Task: For this exercise, repeat exactly the lines below starting at the line holding "Mổ cấp cứu kịp" and ending at the line holding "MIELOMA MÚLTIPLE - Fisiopatología", both included, with no extra lines and no pictures.

Records provided:

******************************

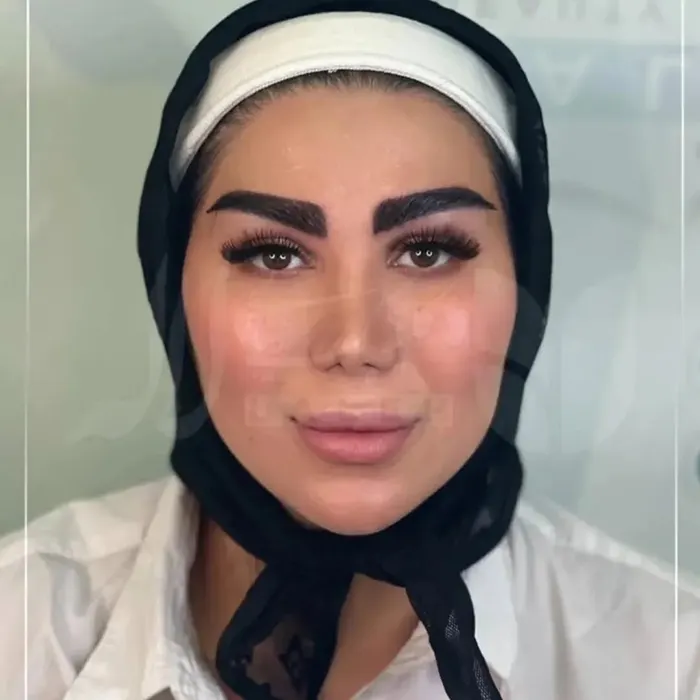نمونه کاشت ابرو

******************************

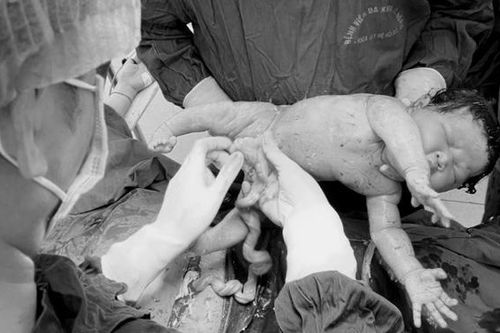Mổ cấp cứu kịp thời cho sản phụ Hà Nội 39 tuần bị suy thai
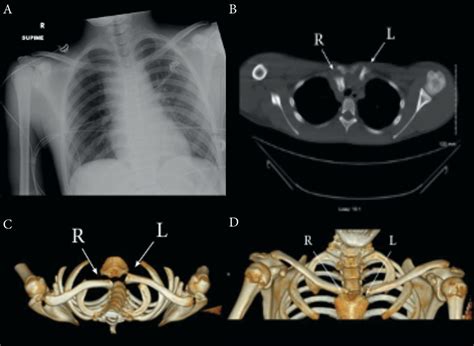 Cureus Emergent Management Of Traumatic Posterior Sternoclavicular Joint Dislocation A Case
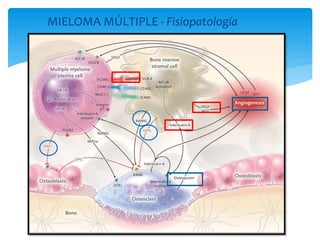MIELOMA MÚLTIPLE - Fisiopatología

******************************

Expected answer:
Mổ cấp cứu kịp thời cho sản phụ Hà Nội 39 tuần bị suy thai
 Cureus Emergent Management Of Traumatic Posterior Sternoclavicular Joint Dislocation A Case
MIELOMA MÚLTIPLE - Fisiopatología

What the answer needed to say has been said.